The reply should contain all the data below, repeated exactly, and none of the images.

- Opening Delimiter -

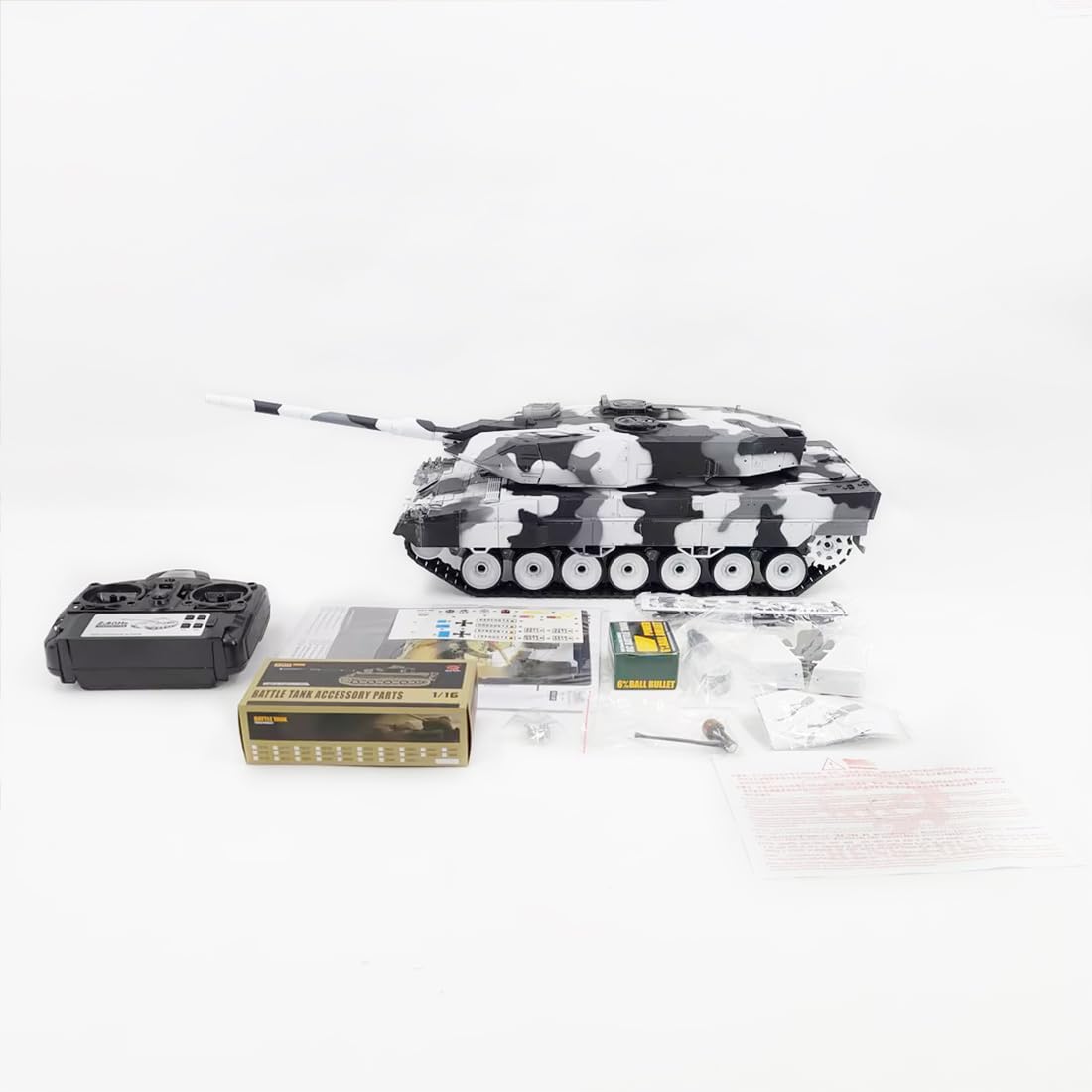 Model czołgu bojowego 1:16, 2,4 G, niemiecki leopard 2 A6 wojskowy czołg z efektami dymu, zestaw modelarski dla fanów wojskowych i dorosłych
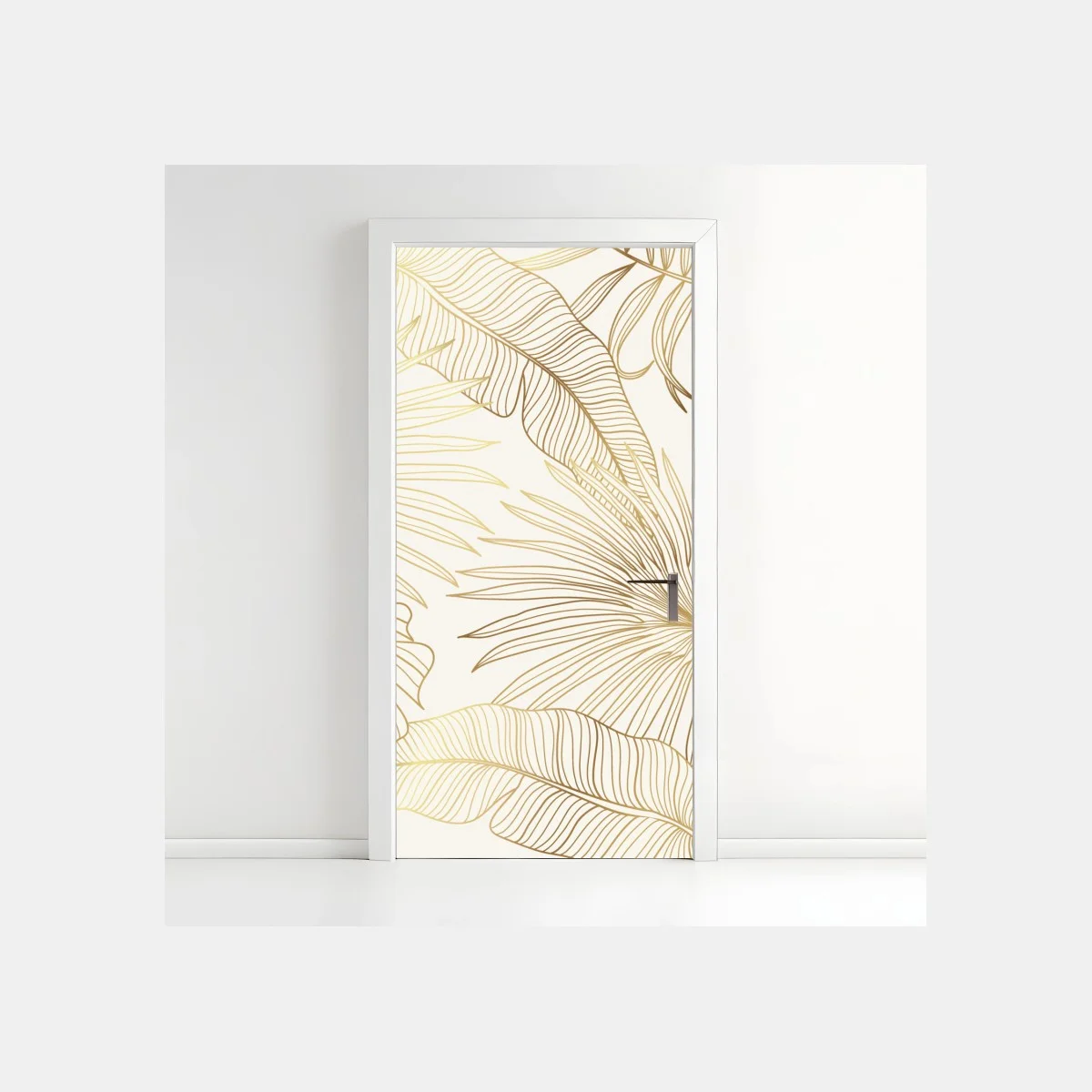 Sticker pour porte motif feuilles tropicales dorées – Wallnifity® Sticker pour porte motif feuilles tropicales dorées – Wallnifity®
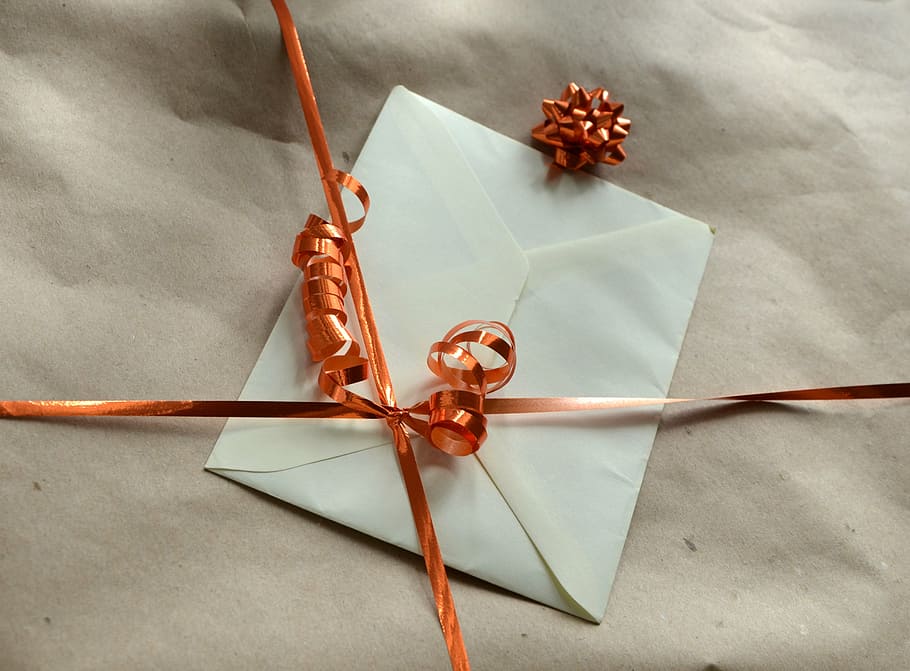 white envelope on gray textile, gift, wrapping paper, packaging HD wallpaper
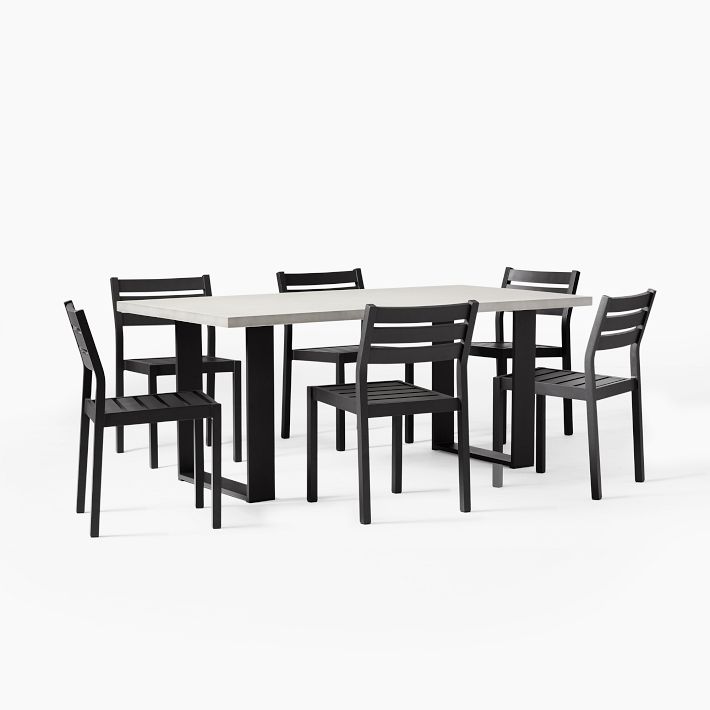 Portside Aluminum Concrete Outdoor Dining Table (72&quot;) &amp; Dining Chairs Set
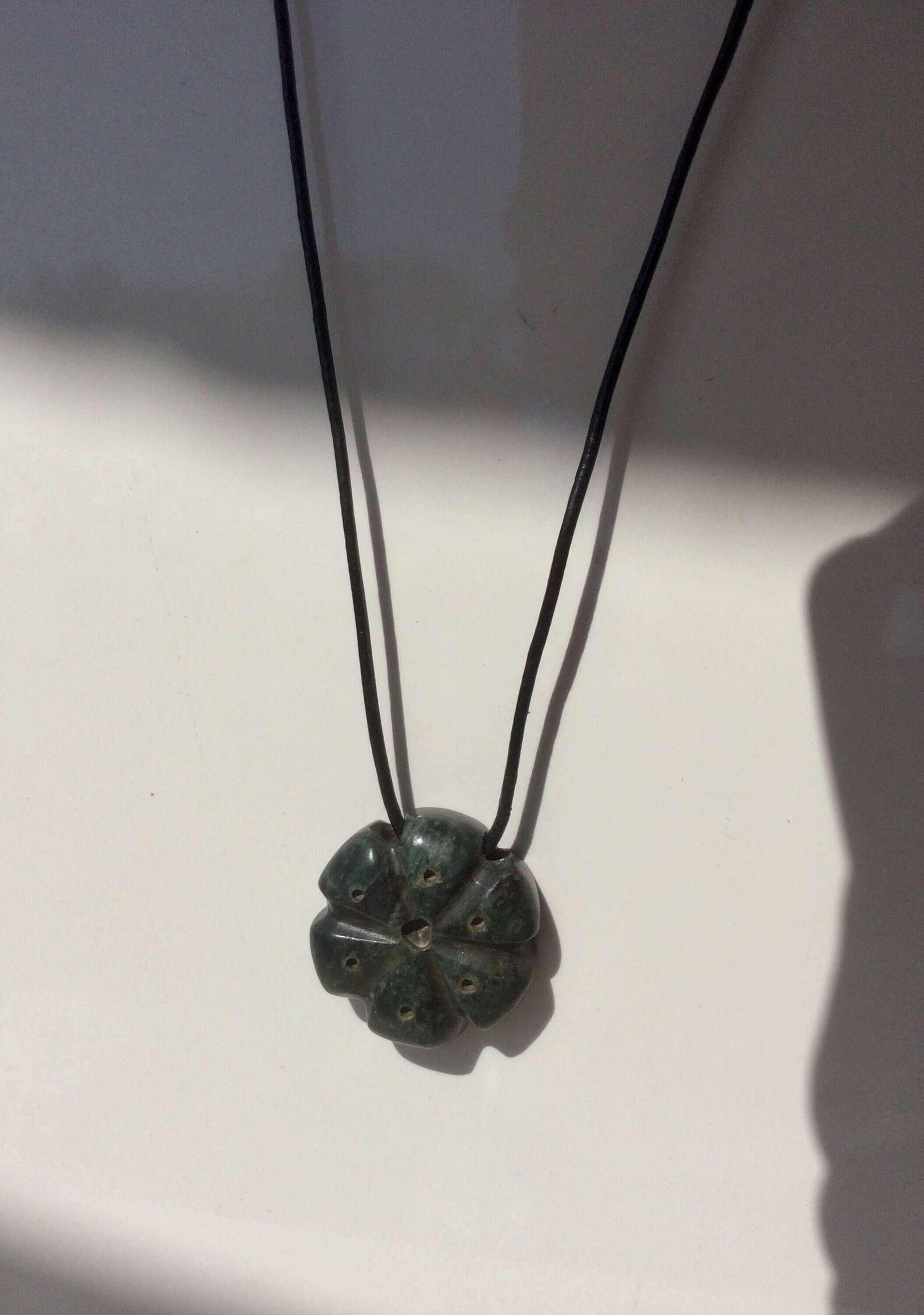 Peyote pendant necklace Guatemalan jade Cactus plant sacred Aztec Jewelry Mexican jewel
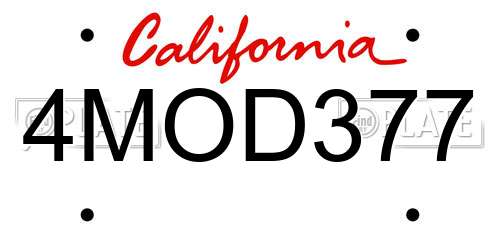 4MOD377 California License Plate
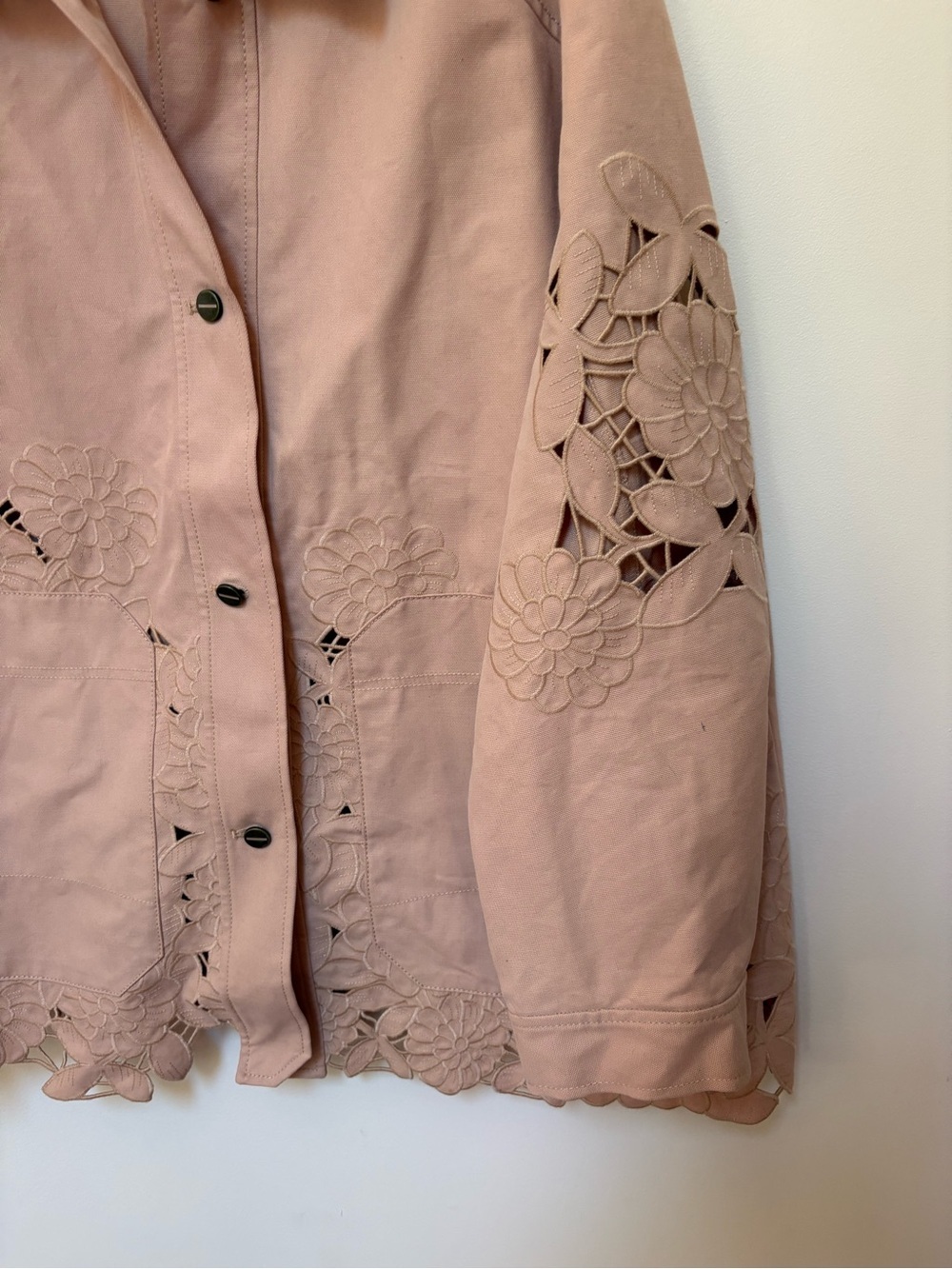 NWOT By Anthropologie Cotton Floral Cutwork Barn Jacket Size XL - Picture 5 of 16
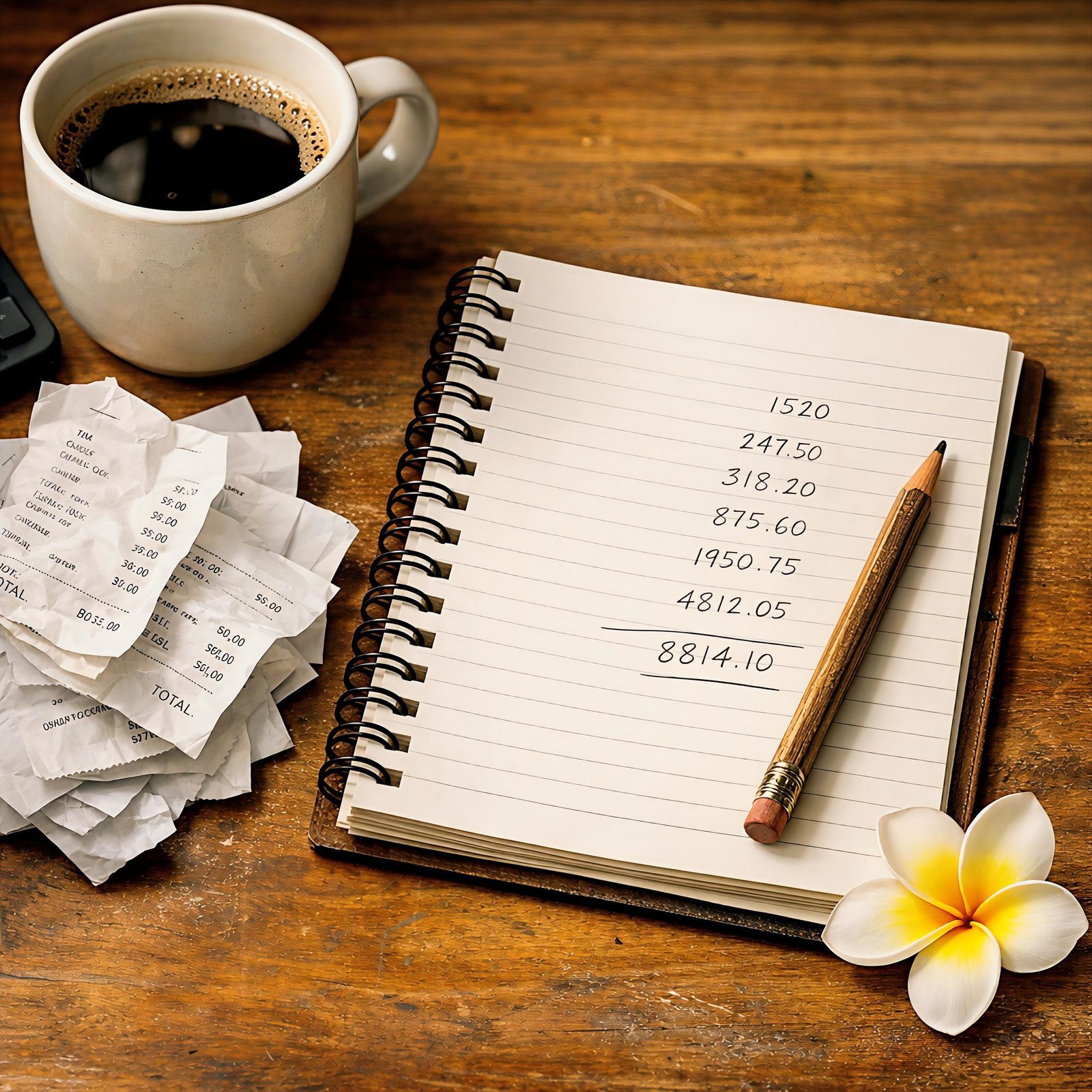 Stack of receipts and paperwork on a desk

- Closing Delimiter -

- RESULT OF THE EXERCISE
 Model czołgu bojowego 1:16, 2,4 G, niemiecki leopard 2 A6 wojskowy czołg z efektami dymu, zestaw modelarski dla fanów wojskowych i dorosłych
 Sticker pour porte motif feuilles tropicales dorées – Wallnifity® Sticker pour porte motif feuilles tropicales dorées – Wallnifity®
 white envelope on gray textile, gift, wrapping paper, packaging HD wallpaper
 Portside Aluminum Concrete Outdoor Dining Table (72&quot;) &amp; Dining Chairs Set
 Peyote pendant necklace Guatemalan jade Cactus plant sacred Aztec Jewelry Mexican jewel
 4MOD377 California License Plate
 NWOT By Anthropologie Cotton Floral Cutwork Barn Jacket Size XL - Picture 5 of 16
 Stack of receipts and paperwork on a desk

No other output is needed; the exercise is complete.